[Extracted records]
┄┄┄┄┄┄┄┄┄┄┄┄┄┄┄┄┄┄┄┄

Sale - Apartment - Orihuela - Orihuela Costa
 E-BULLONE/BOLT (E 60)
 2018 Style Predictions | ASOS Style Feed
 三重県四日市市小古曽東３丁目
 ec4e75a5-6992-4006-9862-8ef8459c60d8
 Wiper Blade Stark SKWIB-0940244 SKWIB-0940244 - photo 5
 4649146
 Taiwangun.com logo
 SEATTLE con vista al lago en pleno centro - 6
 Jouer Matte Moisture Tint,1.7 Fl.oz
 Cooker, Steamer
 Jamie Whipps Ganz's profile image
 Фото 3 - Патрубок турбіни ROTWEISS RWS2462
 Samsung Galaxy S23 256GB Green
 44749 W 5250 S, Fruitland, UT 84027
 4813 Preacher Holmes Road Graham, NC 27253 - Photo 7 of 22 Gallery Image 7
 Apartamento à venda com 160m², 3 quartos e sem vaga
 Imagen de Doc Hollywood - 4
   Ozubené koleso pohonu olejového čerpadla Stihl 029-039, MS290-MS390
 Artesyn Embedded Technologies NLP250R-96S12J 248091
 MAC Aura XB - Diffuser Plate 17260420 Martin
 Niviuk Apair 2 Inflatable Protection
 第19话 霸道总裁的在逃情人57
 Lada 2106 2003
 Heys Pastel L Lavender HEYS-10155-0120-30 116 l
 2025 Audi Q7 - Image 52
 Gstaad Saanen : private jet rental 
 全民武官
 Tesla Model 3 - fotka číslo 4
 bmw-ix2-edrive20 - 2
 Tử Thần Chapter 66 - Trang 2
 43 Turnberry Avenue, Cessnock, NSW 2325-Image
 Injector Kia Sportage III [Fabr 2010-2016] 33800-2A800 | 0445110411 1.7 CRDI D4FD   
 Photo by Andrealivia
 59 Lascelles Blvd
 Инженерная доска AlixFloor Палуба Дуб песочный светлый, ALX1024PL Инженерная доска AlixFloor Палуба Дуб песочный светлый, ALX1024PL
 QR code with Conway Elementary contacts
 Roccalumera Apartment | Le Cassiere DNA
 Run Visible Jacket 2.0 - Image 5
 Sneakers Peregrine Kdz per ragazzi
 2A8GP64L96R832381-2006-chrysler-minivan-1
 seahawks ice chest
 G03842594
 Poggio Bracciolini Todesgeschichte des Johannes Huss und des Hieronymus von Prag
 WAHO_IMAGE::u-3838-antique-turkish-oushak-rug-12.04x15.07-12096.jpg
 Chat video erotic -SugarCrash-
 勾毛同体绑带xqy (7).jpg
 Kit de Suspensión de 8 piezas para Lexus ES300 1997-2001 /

┄┄┄┄┄┄┄┄┄┄┄┄┄┄┄┄┄┄┄┄

Print out all of the records above, word for word.

Sale - Apartment - Orihuela - Orihuela Costa
 E-BULLONE/BOLT (E 60)
 2018 Style Predictions | ASOS Style Feed
 三重県四日市市小古曽東３丁目
 ec4e75a5-6992-4006-9862-8ef8459c60d8
 Wiper Blade Stark SKWIB-0940244 SKWIB-0940244 - photo 5
 4649146
 Taiwangun.com logo
 SEATTLE con vista al lago en pleno centro - 6
 Jouer Matte Moisture Tint,1.7 Fl.oz
 Cooker, Steamer
 Jamie Whipps Ganz's profile image
 Фото 3 - Патрубок турбіни ROTWEISS RWS2462
 Samsung Galaxy S23 256GB Green
 44749 W 5250 S, Fruitland, UT 84027
 4813 Preacher Holmes Road Graham, NC 27253 - Photo 7 of 22 Gallery Image 7
 Apartamento à venda com 160m², 3 quartos e sem vaga
 Imagen de Doc Hollywood - 4
   Ozubené koleso pohonu olejového čerpadla Stihl 029-039, MS290-MS390
 Artesyn Embedded Technologies NLP250R-96S12J 248091
 MAC Aura XB - Diffuser Plate 17260420 Martin
 Niviuk Apair 2 Inflatable Protection
 第19话 霸道总裁的在逃情人57
 Lada 2106 2003
 Heys Pastel L Lavender HEYS-10155-0120-30 116 l
 2025 Audi Q7 - Image 52
 Gstaad Saanen : private jet rental 
 全民武官
 Tesla Model 3 - fotka číslo 4
 bmw-ix2-edrive20 - 2
 Tử Thần Chapter 66 - Trang 2
 43 Turnberry Avenue, Cessnock, NSW 2325-Image
 Injector Kia Sportage III [Fabr 2010-2016] 33800-2A800 | 0445110411 1.7 CRDI D4FD   
 Photo by Andrealivia
 59 Lascelles Blvd
 Инженерная доска AlixFloor Палуба Дуб песочный светлый, ALX1024PL Инженерная доска AlixFloor Палуба Дуб песочный светлый, ALX1024PL
 QR code with Conway Elementary contacts
 Roccalumera Apartment | Le Cassiere DNA
 Run Visible Jacket 2.0 - Image 5
 Sneakers Peregrine Kdz per ragazzi
 2A8GP64L96R832381-2006-chrysler-minivan-1
 seahawks ice chest
 G03842594
 Poggio Bracciolini Todesgeschichte des Johannes Huss und des Hieronymus von Prag
 WAHO_IMAGE::u-3838-antique-turkish-oushak-rug-12.04x15.07-12096.jpg
 Chat video erotic -SugarCrash-
 勾毛同体绑带xqy (7).jpg
 Kit de Suspensión de 8 piezas para Lexus ES300 1997-2001 /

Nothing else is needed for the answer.